DATA LISTING »
□ □ □ □ □ □ □

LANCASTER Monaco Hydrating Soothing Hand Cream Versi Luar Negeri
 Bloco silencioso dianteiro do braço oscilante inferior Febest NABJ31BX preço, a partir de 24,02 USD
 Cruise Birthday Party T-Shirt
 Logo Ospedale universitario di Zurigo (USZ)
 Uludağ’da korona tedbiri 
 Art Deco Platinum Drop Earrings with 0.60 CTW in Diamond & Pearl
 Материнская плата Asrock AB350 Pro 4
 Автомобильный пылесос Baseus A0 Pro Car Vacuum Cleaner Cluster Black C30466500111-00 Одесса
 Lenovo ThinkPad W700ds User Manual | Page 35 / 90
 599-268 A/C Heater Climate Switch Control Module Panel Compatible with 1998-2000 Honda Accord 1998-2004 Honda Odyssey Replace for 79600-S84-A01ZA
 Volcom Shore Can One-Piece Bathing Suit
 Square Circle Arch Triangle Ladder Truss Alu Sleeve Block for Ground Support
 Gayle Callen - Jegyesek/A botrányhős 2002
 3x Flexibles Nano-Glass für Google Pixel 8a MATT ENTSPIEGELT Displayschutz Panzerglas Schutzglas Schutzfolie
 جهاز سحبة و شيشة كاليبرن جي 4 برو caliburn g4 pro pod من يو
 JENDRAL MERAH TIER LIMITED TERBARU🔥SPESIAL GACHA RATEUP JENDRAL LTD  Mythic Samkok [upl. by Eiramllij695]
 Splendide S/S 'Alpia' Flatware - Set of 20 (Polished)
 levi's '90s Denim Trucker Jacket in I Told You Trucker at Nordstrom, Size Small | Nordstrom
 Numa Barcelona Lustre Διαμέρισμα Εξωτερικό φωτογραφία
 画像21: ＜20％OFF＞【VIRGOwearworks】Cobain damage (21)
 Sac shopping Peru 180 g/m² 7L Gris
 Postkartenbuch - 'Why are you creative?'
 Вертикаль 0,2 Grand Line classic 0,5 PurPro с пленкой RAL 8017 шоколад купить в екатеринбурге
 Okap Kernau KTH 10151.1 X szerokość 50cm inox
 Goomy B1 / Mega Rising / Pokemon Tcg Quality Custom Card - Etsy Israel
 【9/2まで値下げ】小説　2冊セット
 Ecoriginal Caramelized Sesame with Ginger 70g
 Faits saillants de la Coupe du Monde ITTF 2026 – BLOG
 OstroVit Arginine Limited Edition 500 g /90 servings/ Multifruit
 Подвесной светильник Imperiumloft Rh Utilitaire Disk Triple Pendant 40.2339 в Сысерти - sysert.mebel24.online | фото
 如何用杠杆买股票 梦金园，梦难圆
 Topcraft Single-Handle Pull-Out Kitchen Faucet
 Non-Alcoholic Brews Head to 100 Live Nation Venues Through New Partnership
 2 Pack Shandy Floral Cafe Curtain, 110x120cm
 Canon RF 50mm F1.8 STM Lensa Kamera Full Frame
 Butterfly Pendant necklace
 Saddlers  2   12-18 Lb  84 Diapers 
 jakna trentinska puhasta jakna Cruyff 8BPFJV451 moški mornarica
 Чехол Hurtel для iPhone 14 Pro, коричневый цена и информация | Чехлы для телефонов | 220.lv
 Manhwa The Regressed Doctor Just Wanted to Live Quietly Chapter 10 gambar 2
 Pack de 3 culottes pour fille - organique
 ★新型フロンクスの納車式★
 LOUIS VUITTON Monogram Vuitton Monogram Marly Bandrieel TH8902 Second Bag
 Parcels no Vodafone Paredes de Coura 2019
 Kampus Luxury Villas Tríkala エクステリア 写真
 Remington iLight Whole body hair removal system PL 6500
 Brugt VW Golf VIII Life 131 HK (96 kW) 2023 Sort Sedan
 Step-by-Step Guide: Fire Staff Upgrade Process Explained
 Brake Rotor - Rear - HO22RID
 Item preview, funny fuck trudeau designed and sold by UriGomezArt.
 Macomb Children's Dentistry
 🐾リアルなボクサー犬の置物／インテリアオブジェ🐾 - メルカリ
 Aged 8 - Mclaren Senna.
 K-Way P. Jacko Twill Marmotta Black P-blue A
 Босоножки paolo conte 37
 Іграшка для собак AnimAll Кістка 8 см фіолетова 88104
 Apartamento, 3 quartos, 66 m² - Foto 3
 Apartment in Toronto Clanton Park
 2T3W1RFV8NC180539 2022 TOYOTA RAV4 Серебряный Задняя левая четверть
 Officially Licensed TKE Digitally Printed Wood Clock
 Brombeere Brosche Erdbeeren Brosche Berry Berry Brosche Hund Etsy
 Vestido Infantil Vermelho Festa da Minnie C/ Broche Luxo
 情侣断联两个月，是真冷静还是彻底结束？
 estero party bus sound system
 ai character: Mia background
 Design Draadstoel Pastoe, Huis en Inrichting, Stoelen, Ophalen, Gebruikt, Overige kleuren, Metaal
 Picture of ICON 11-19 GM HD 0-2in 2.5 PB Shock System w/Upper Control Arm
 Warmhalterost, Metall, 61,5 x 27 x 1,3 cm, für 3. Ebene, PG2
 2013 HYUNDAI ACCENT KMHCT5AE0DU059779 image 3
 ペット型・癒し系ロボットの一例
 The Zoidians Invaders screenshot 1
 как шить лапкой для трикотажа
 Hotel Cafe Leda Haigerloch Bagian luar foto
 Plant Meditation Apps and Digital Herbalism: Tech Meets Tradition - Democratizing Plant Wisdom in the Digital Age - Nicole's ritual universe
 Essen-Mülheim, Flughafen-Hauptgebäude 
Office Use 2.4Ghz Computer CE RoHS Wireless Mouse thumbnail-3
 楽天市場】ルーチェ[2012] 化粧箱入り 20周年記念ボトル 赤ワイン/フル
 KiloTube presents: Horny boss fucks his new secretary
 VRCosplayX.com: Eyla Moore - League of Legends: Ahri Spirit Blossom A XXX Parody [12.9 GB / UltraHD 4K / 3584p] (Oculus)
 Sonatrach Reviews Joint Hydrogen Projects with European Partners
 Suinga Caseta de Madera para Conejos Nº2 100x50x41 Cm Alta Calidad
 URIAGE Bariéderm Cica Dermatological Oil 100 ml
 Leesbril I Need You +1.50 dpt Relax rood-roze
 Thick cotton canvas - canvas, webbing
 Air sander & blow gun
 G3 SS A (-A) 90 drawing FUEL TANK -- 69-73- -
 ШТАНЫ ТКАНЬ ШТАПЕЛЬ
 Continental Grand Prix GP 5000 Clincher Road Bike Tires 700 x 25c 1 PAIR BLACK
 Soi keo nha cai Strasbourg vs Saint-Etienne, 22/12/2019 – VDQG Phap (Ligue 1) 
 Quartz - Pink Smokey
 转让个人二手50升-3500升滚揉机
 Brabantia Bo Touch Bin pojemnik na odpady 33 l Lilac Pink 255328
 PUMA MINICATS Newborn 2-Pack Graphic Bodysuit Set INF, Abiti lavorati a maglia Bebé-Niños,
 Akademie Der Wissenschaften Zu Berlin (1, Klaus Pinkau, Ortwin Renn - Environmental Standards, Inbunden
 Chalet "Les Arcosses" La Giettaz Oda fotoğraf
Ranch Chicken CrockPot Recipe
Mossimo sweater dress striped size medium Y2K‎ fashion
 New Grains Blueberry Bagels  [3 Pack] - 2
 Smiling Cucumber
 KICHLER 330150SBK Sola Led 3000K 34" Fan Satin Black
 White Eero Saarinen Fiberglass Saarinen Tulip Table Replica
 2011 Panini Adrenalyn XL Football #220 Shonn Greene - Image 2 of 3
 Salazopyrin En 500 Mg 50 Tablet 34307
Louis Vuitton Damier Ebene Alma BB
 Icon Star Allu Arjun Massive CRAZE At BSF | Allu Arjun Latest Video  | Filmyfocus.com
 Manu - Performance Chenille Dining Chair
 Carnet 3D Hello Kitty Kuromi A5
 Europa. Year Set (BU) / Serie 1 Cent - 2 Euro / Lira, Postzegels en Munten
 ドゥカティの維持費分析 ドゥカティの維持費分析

□ □ □ □ □ □ □

YOUR INSTRUCTIONS » Produce a word-for-word copy of everything above from the line holding "KiloTube presents: Horny" down to the line holding "Leesbril I Need", with both of those lines kept.

ANSWER »
 KiloTube presents: Horny boss fucks his new secretary
 VRCosplayX.com: Eyla Moore - League of Legends: Ahri Spirit Blossom A XXX Parody [12.9 GB / UltraHD 4K / 3584p] (Oculus)
 Sonatrach Reviews Joint Hydrogen Projects with European Partners
 Suinga Caseta de Madera para Conejos Nº2 100x50x41 Cm Alta Calidad
 URIAGE Bariéderm Cica Dermatological Oil 100 ml
 Leesbril I Need You +1.50 dpt Relax rood-roze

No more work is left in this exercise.